Bzgl. Teichheizung. Ja da habe ich schon was gelesen. Ich weiß aber nicht was ich nehmen soll. Es gibt ja welche mit 100W/200W und 300W, die sind vermutlich nur um ein Loch in dem Eis freizuhalten. Dann gibt es noch 1KW/3KW (hoffe ich gebe jetzt nichts falsches wieder). Nur weiß ich nicht, welche Heizung ich nehmen muß.

Der Filter im Winter ist ja aus, sonst wären den Fischer ja noch kälter. Und einfach "irgendwas" (damit meine ich Heizung?) am Rand reinhängen, mach ja das Wasser dann auch nicht wärmer, oder.

Gibt es eine Teichheizung die ich nicht bei aktiven Filter betreiben kann oder bringt sie dann eigentlich auch gar nichts? Was sollte ich für eine nehmen?

EDIT: ah ich sehe gerade, also ich sollte es bsp. mit Styropor abdecken und in der Mitte ggf. einen Teichstab oder ähnliches reinhängen? Aber 100W oder so werden doch nicht reichen?


LG Marja


----------



## koifischfan (29. Jan. 2010)

*AW: Koi-Teich winterfest*

Ich habe einen Schego 100W Teichheizer.
Ich betreibe ihn an einer Schaltuhr. Zweimal am Tag, je eine Stunde. Bis vorgestern lief er noch zweimal zwei Stunden.

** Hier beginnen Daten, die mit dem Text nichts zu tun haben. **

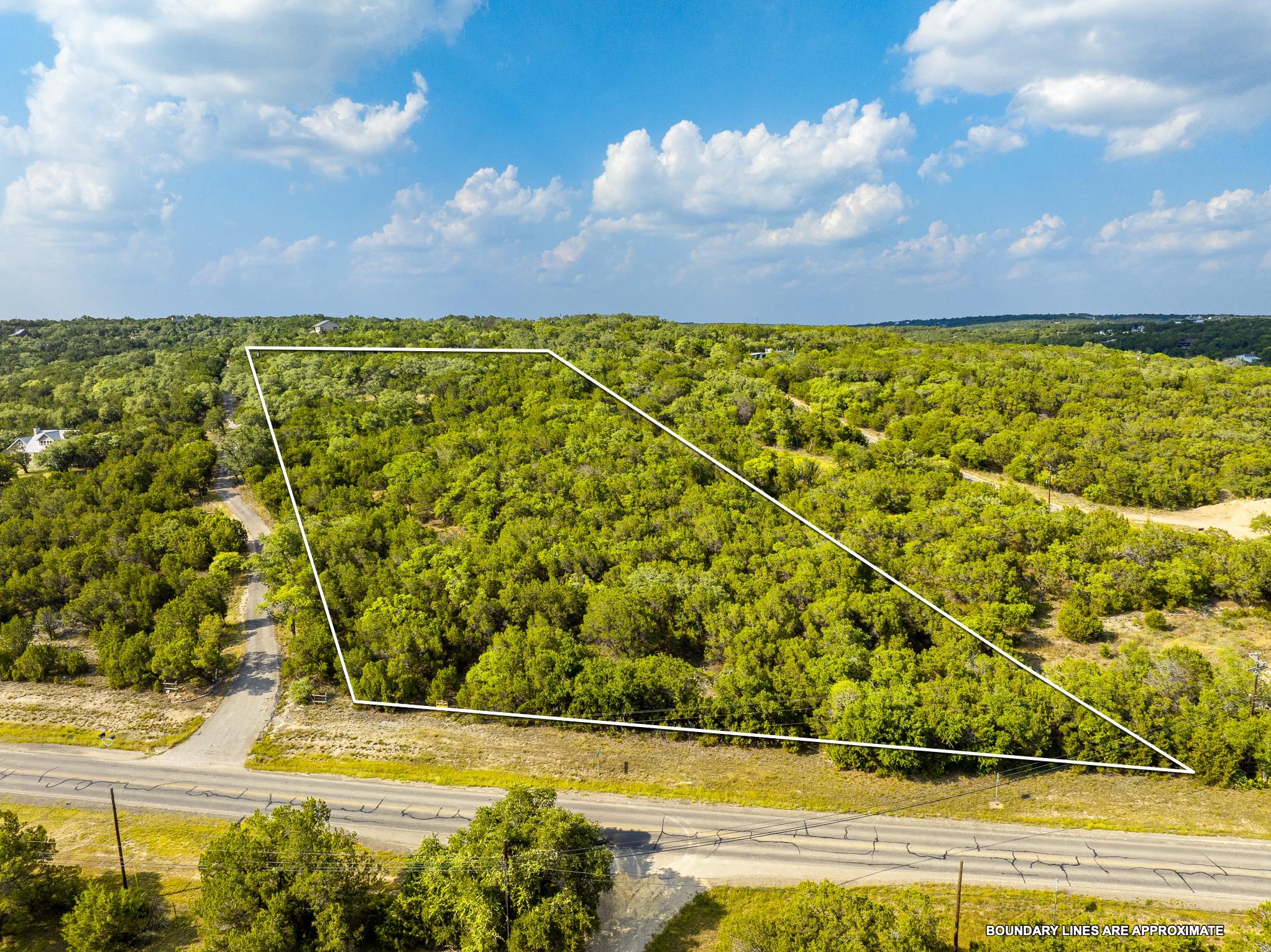 2934 Elm Terrace Ln, Wimberley, TX 78676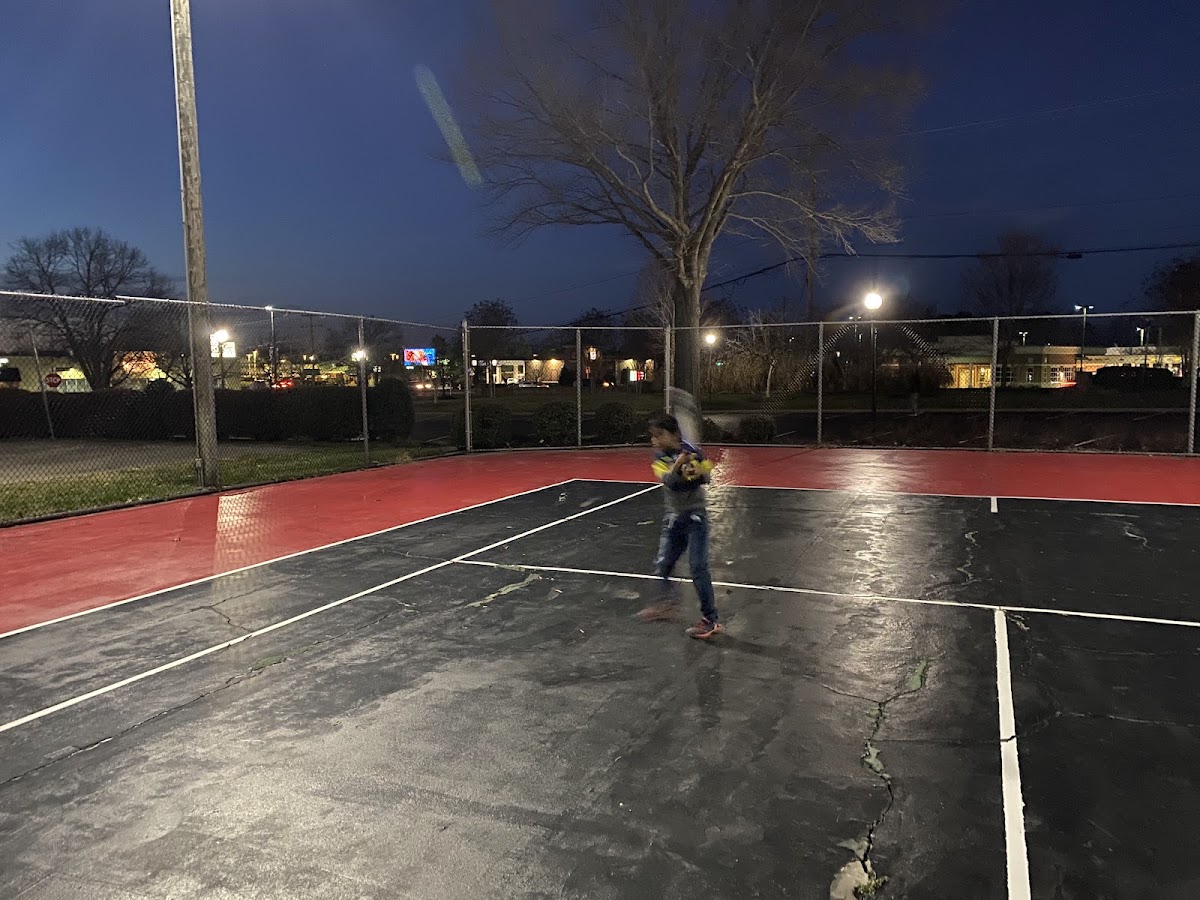 Broadmoor Apartments Tennis Court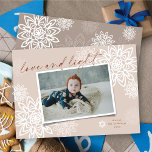 Cartes Pour Fêtes Annuelles Élégant Snowflakes Love Et Léger Hanoukka Photo<br><div class="desc">Élégante Fleur Blanche D'Hiver 'Amour Et Lumière' Dans Script D'Écriture Manuelle, Hanoukka Carte photo. Le script d'écriture et l'arrière - plan peuvent être changés en n'importe quelle couleur de votre choix. Illustration de fat*fa*tin. Facile à personnaliser avec votre propre message texte, nom, année, photo ou image. D'autres fonctions d'édition sont...</div>
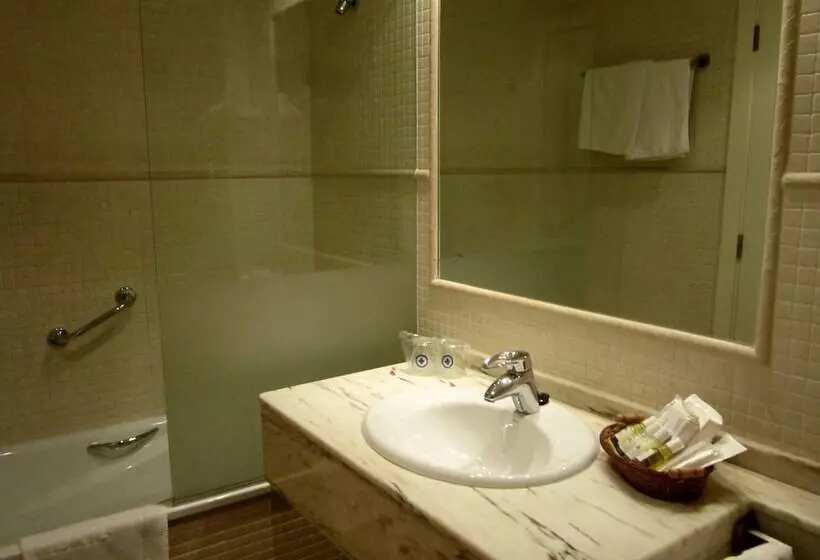 Fotos del hotel Abril:  17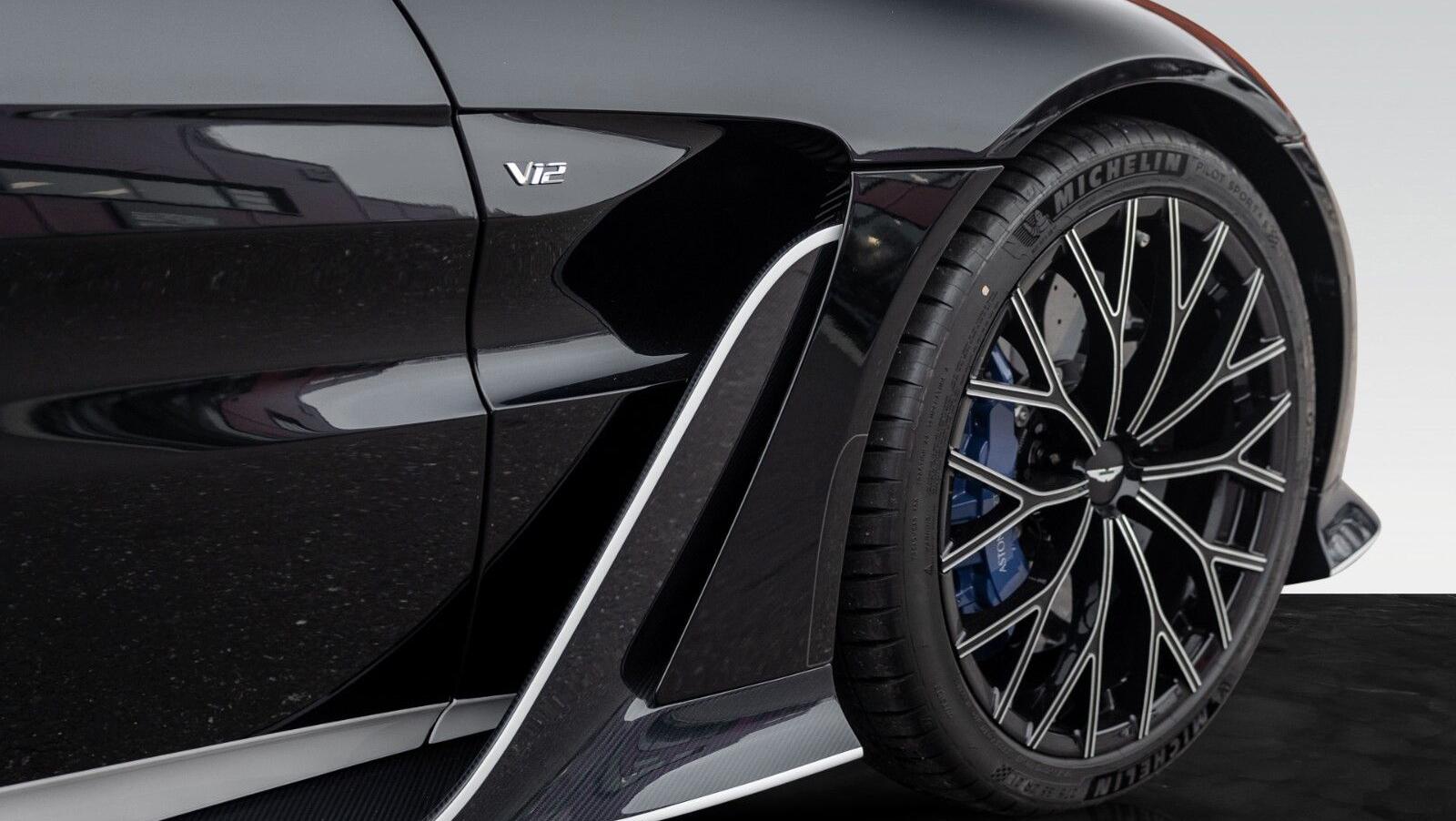 V12 Vantage Roadster | Q - Einzelst&uuml;ck | Blue CF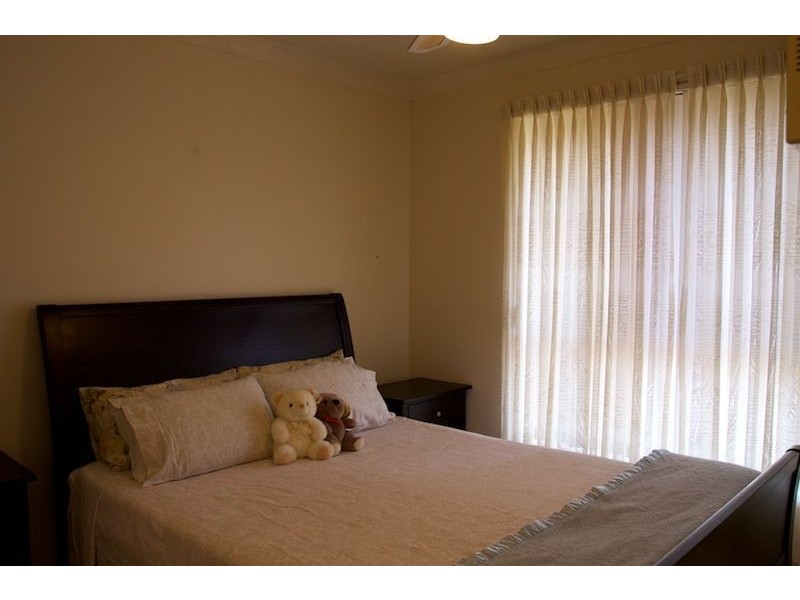 5 Baum Ct, Windaroo QLD 4207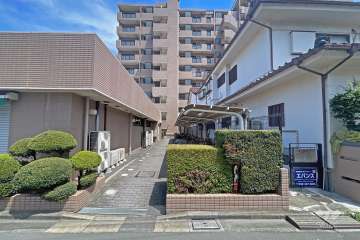 隣接店舗脇からも通路あり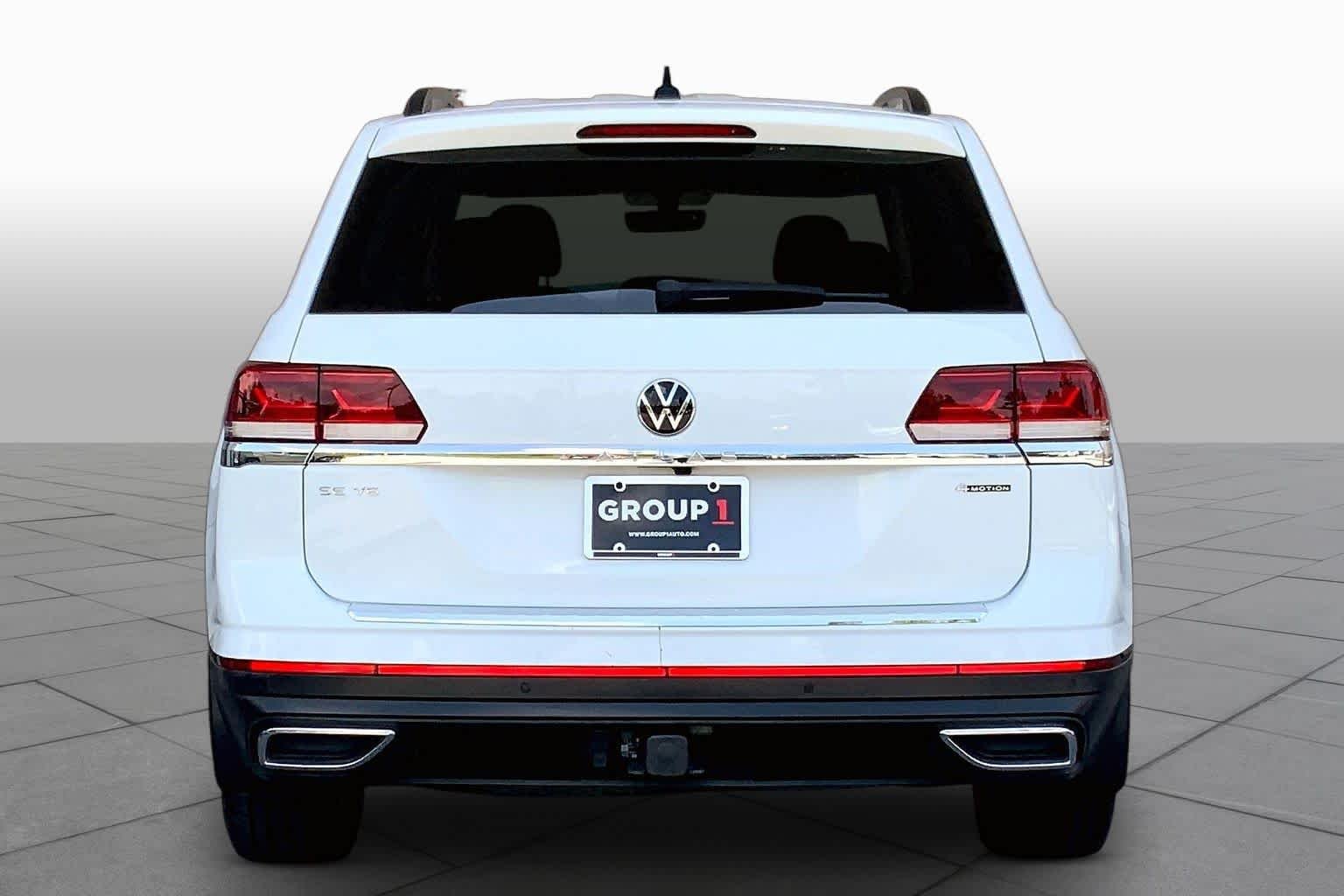 Used 2023 Pure White Volkswagen 3.6L V6 SE w/Technology image 5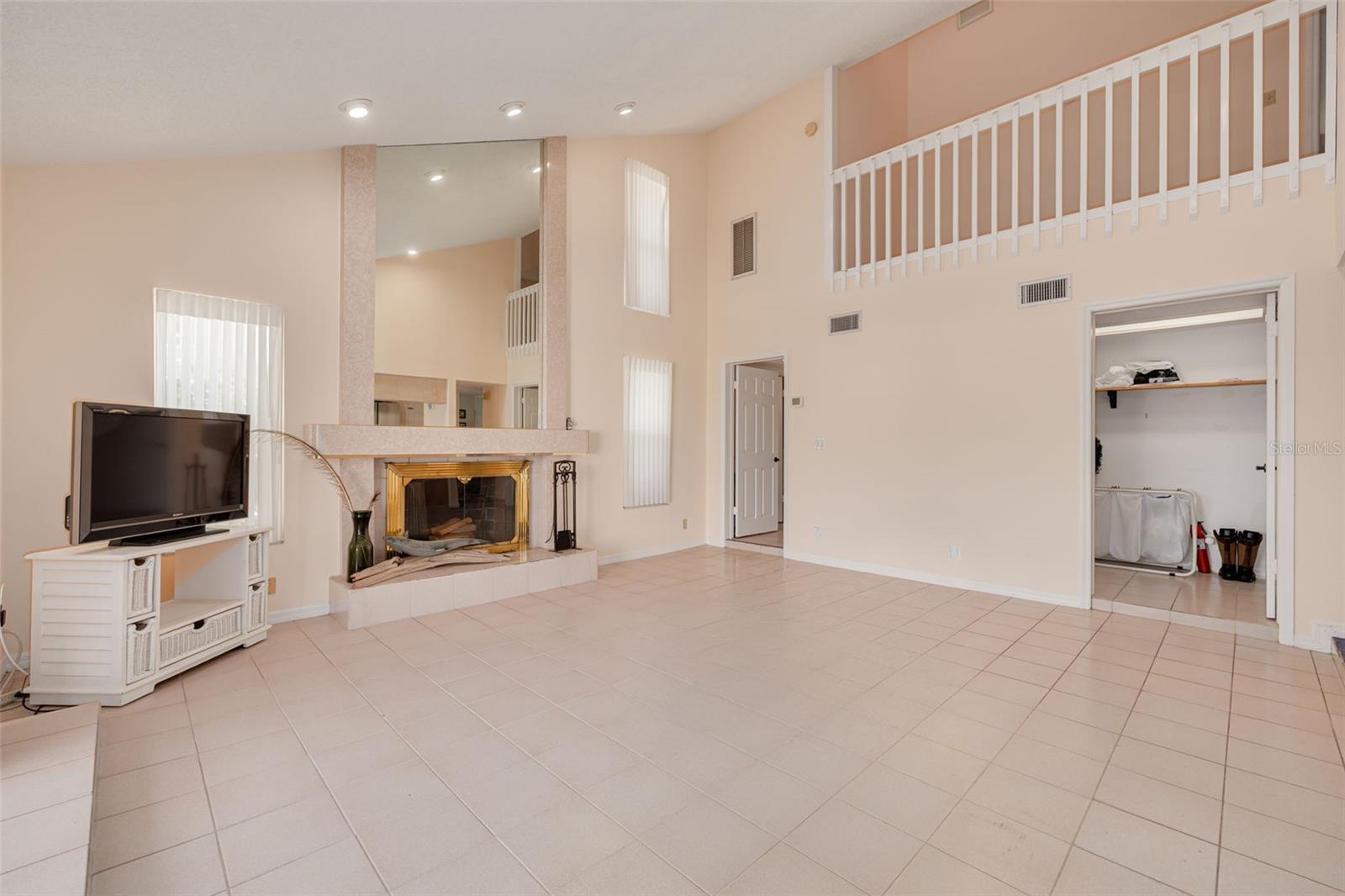 Listing photo id 14 for 4927 62nd Avenue S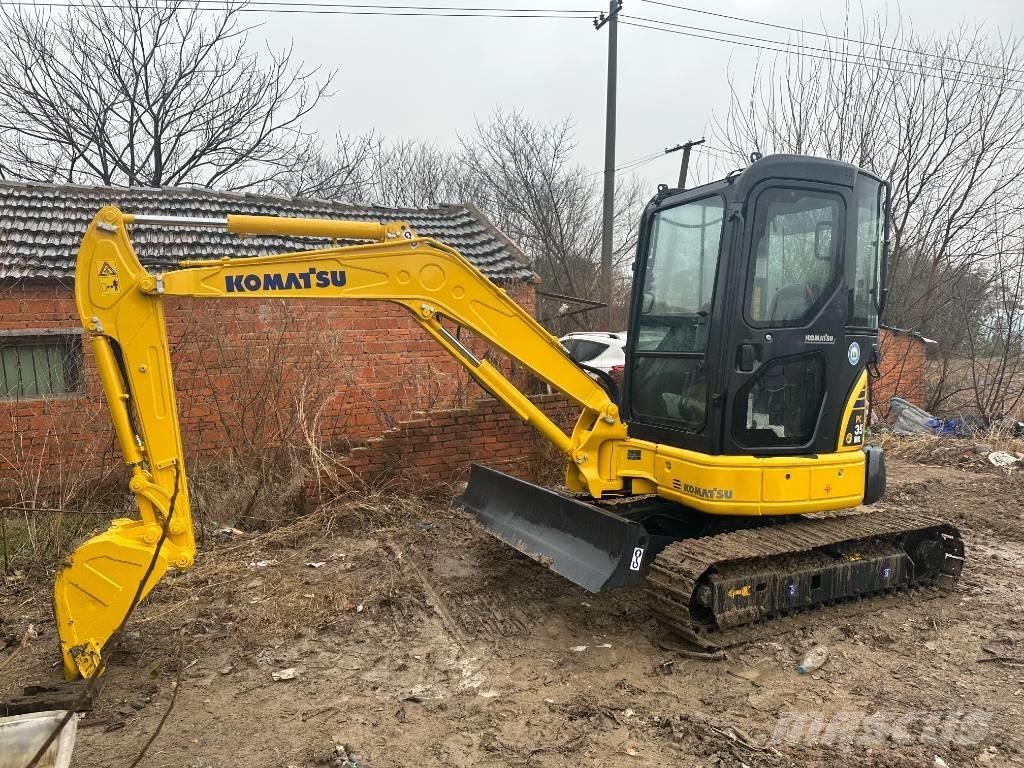 Komatsu PC 35 MR Bandgrävare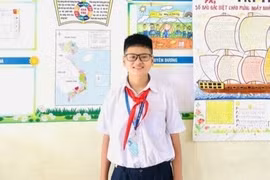 Cứu người già khỏi tàu hỏa đâm, học sinh lớp 7 được Bộ trưởng Nguyễn Kim Sơn tặng bằng khen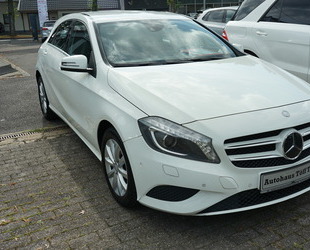 Mercedes-Benz A 180 BlueEfficiency-Navi-Teilleder-Tempomat Gebrauchtwagen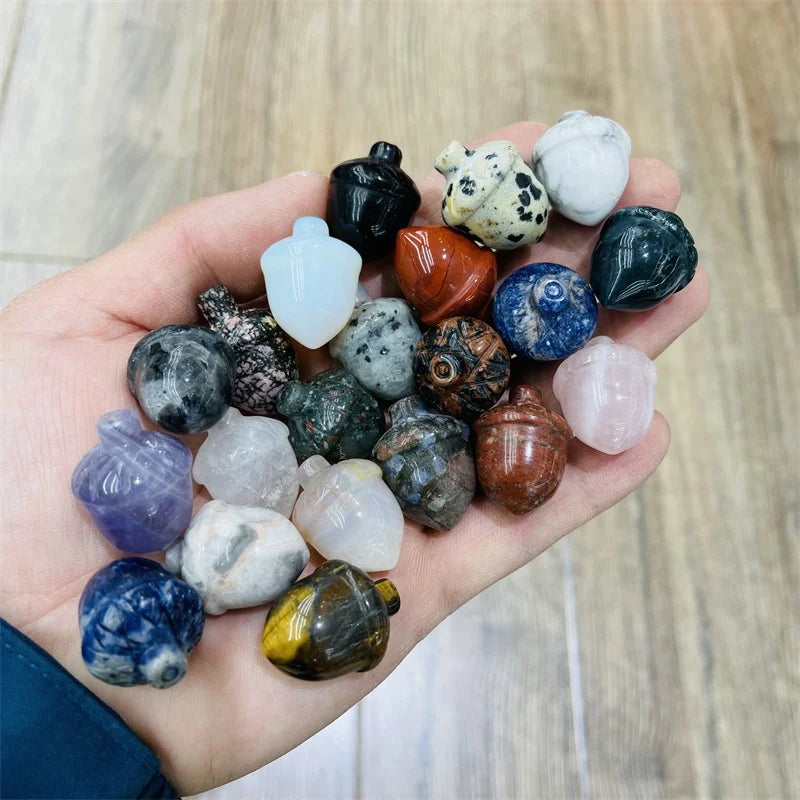 Wholesale Hot Sale Natural Quart Crystal Small Pinecone Hand Carved Pinecone for Gift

Ich finde das völlig ausreichend.


----------



## robsig12 (29. Jan. 2010)

*AW: Koi-Teich winterfest*

Wieviel Grad hast Du im Teich?

Bei 9000 Liter 2 Stunden 100 Watt, bringt doch nicht wirklich viel, oder?


----------



## koifischfan (29. Jan. 2010)

*AW: Koi-Teich winterfest*



> Wieviel Grad hast Du im Teich?


Keine Ahnung. Gefühlt: kalt.

Ich halte mir damit ein Loch frei. Die letzten beiden Winter ohne Ausströmer. Seit Dezember ist ein Sprudler. Die letzten Wochen hat der aber wegen der Plazierung im Keller nicht gesprudelt. Die Luftfeuchtigkeit vom Keller ist im kalten Schlauch kondensiert und gefroren. Ein Kollege hier im Forum hat das schon angemerkt.


----------



## herbi (29. Jan. 2010)

*AW: Koi-Teich winterfest*

Servus Koifischfan,...

mein Name Herbert,...



> Keine Ahnung. Gefühlt: kalt.



Du hast 9m² und 10 Koi im Teich und weist deine aktuelle WT nicht,....? 

*Los geh mal raus und messe,*...büde:beten es ist schon von interesse ob dein 100W Teichheizer reicht,...! Denn dann könnten sich einige viel Geld sparen,....

Bis dann,...


----------



## koifischfan (29. Jan. 2010)

*AW: Koi-Teich winterfest*



> Du hast 9m² und 10 Koi im Teich und weist deine aktuelle WT nicht,....?


Ich habe gar kein Thermometer.  Aber ich kann morgen mal das aus dem Kühlschrank nehmen und an der Oberfläche messen.



> ... es ist schon von interesse ob dein 100W Teichheizer reicht,...!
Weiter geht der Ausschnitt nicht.